Ничего не было на волнах реки — ни паруса, ни стада уток, — и потому это занятие скоро надоело сероглазому. Он лег на спину и обратился к соседу:

— Пойдем еще в воду, Павелка?

— Сдурел, Алесь? — солидно сказал Павел. — Подожди, вся ведь вода взмутилась.

Вода в Днепре была еще холодноватой, и потому дети выбрали для купанья небольшую заводь, хорошо прогретую солнцем. Купались, видимо, совсем недавно, потому что волосы у них были мокрые.

— Жарко, холера его возьми, — вздохнул Алесь и опустил черные ресницы. — Пойдем через неделю на Равеку? Стафан там намедни во какого окуня выхватил.

Павел молчал.

— Ты что молчишь, Павелка? — спросил Алесь.
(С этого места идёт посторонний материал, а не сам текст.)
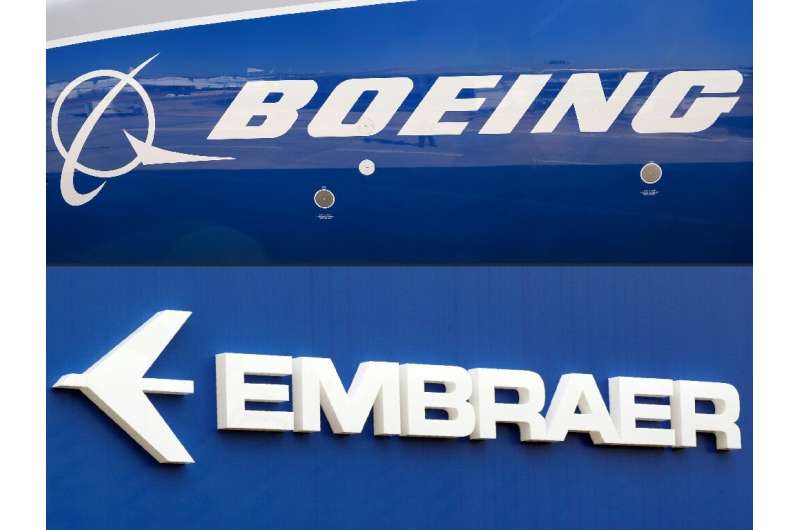 This combination of file pictures created on December 21, 2017 shows the Boeing logo on the fuselage of a Boeing 787-10 Dreamlin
И, уже встревоженный, увидел, что у друга дрожат губы. — Ты чего, Павлюк?

— Через неделю тебя, может, здесь и не будет, — глухо сказал Павел.
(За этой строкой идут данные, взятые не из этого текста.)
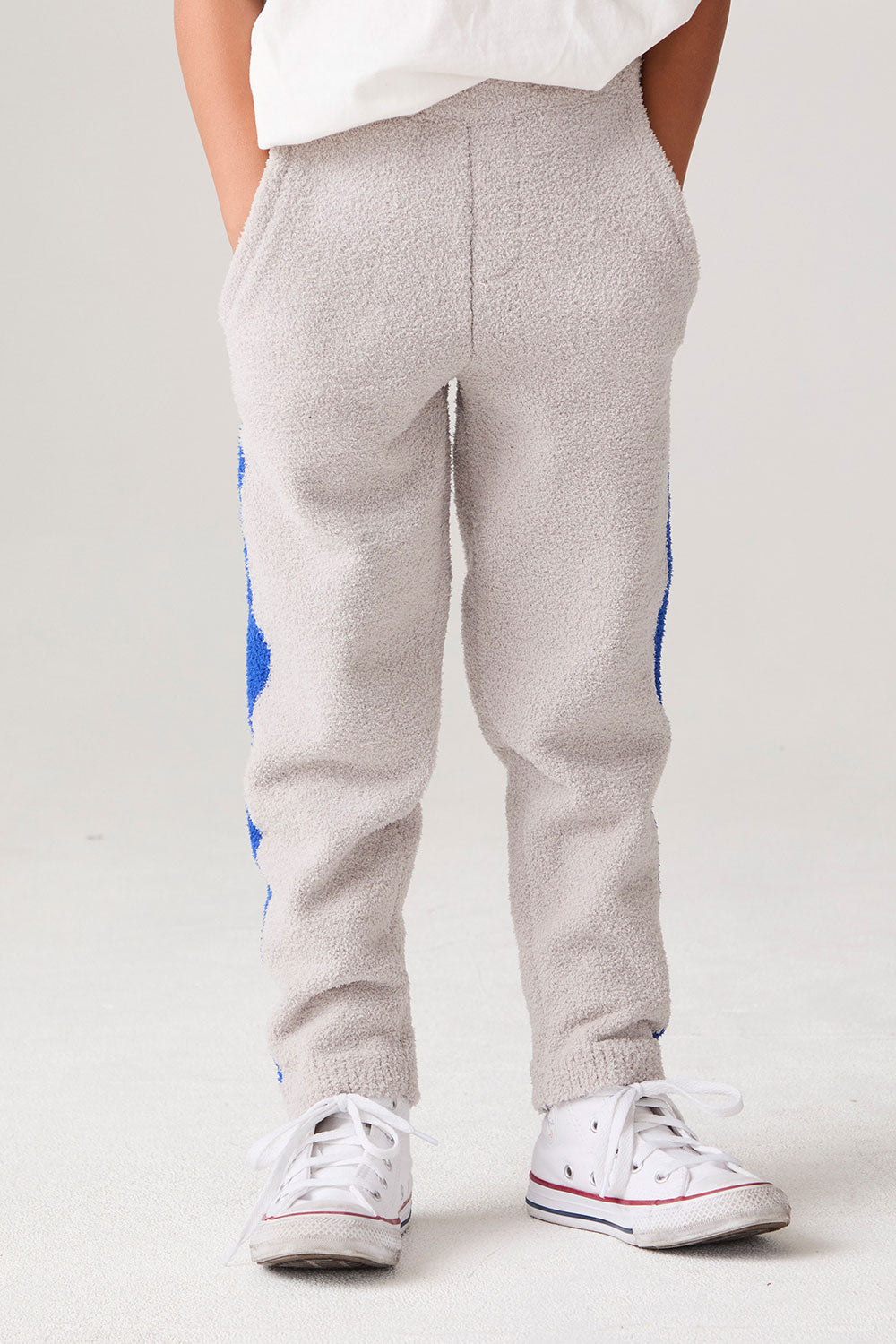 Model wearing Chaser's Sporty Colorblock Boys Lounge Pants in heather grey with colorblock detailing, front view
— Вот дуринa! Куда же это я денусь?

— Сегодня утром — ты как раз навоз на Низок возил — приезжал Карп из имения. Сказал, что паны поговаривают: мол, хватит, мол, тяжело Михалу Когуту без нашей помощи и время брать Алеся… Это чтоб за тебя отец «покормное» и «дядьковое» [1] получил…

В глазах Алеся появилась тревога. И сразу же исчезла, уступив место решимости.

— А я не пойду. Кто меня заставит, если мне и здесь хорошо?

— Гэ-эх, брат! — тоном взрослого сказал Павел. — Тут уж ничего не поделаешь. Возьмут во двор — и концы. На то они паны. На то мы мужики. Как отдали они тебя, так и возьмут.

— А я убегу. Я не ихний. Я ваш.

— Привыкнешь, — продолжал Павел. — Помнишь, как шесть лет тому назад ревел, когда тебя к нам привезли? И страшно у нас, и черно. Привык же…

— Куда это Алеся заберут? — спросила девочка. Стояла перед ними, голенькая, кругленькая, держала во рту палец.

— Иди ты, Янька, — с досадой сказал Павел. — Что ты знаешь?

— Куда его заберут? Он ведь наш. — В голосе девочки было недоумение.

— Наш, да не совсем.

И тут Алесь вскочил на колени.

— Как это не ваш? Как это? А чей же я? Аришки-дурочки?

На глазах у него накипали злые слезы. Он не сдержался и отвесил дружку звонкую оплеуху. А спустя еще мгновение они друг через друга катились вниз, к реке, поднимая тучи песка.

За кулаками света не было видно. Скатившись на самый берег заводи, красные, пыльные, они молотили друг друга и ревели.

Яня, захлебываясь криком, побежала к ним, загребая ногами песок.

— Не над… Але-е-е… Па-а-а!!!

За нею важно, откинувшись назад, словно круглое пузо могло перевесить, двигался голыш «мужеска пола» Юрась Когут.

Девочка уже совсем обезголосела и часто топала ножками, не замечая, что зашла в воду.

И тогда восьмилетний Юрась, посмотрев на нее, наклонился, зачерпнул полные пригоршни ила и звонко шмякнул его на их головы.